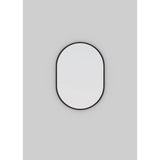 28 in. x 20 in. Pill Shape Black Stainless Steel Framed Mirror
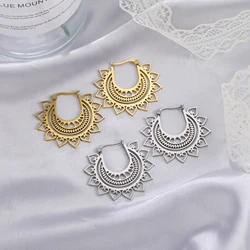 Skyrim Ethnic Mandala Lotus Flower Hoop Earrings Stainless Steel Gold Color Earring 2025 Bohemia Wedding Jewelry Gift for Women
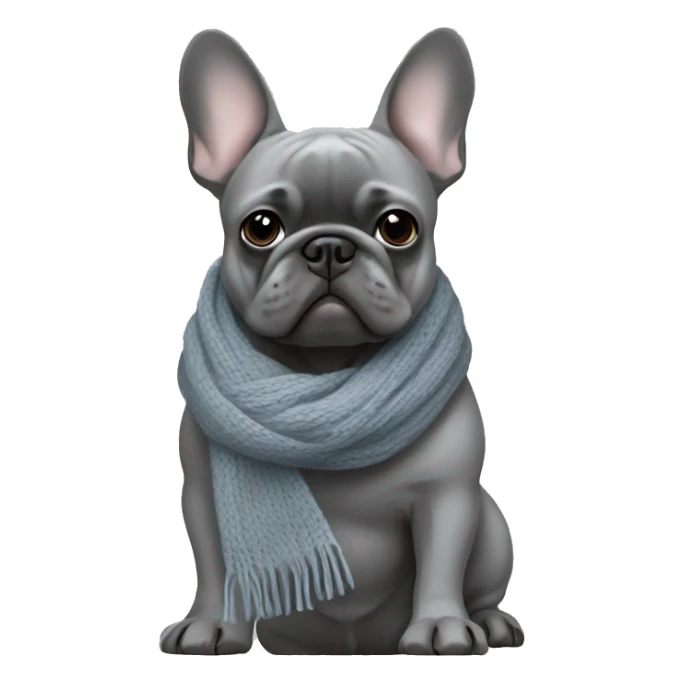 gray French bulldog in a knitted scarf sticker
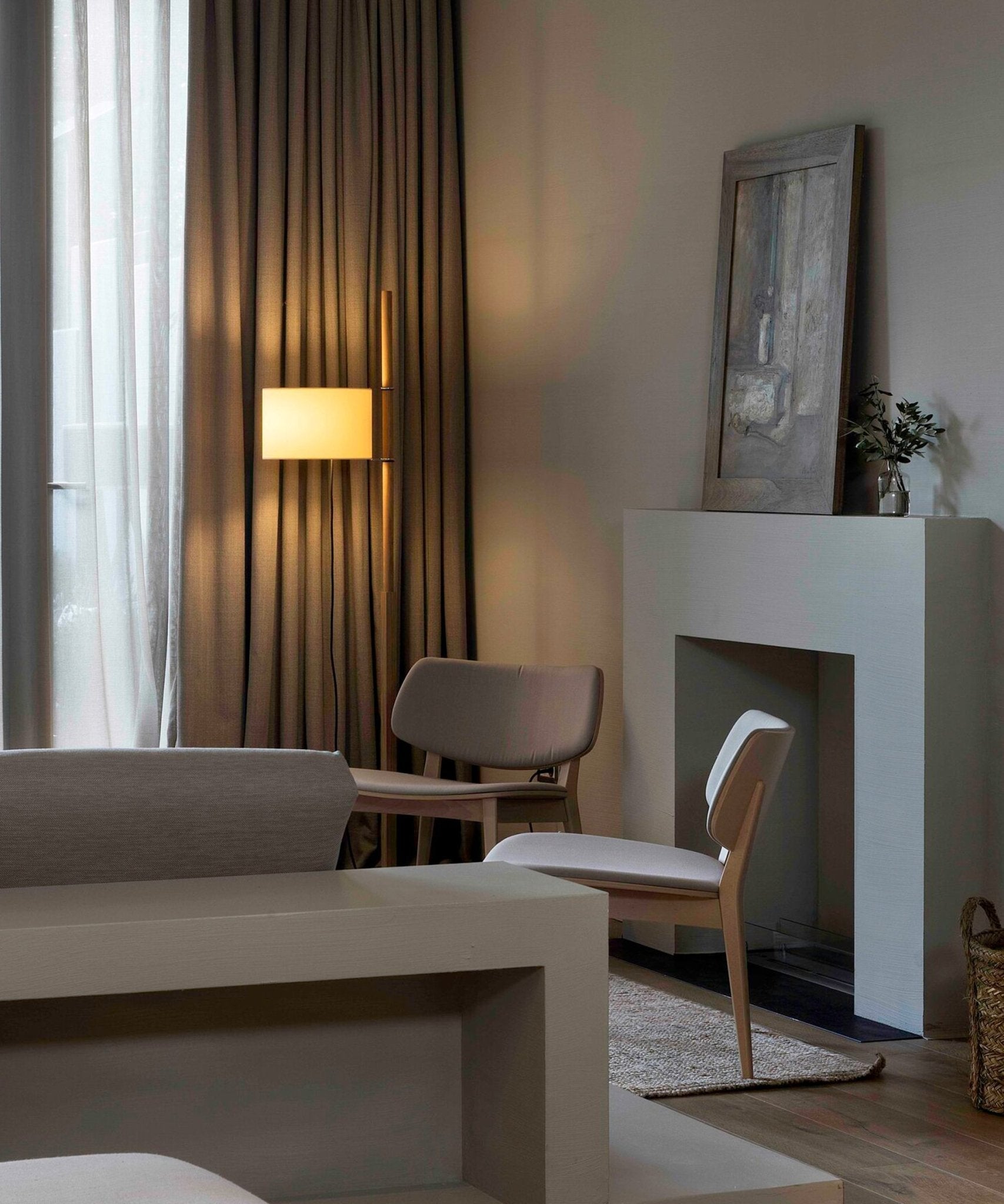 Jex Wood Fabric Floor Lamp-Neutral Decor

____________________

--- Exercise prompt ---
Pictures are to be left out; all other data must be returned exactly.

--- Written reply ---
 28 in. x 20 in. Pill Shape Black Stainless Steel Framed Mirror
 Skyrim Ethnic Mandala Lotus Flower Hoop Earrings Stainless Steel Gold Color Earring 2025 Bohemia Wedding Jewelry Gift for Women
 gray French bulldog in a knitted scarf sticker
 Jex Wood Fabric Floor Lamp-Neutral Decor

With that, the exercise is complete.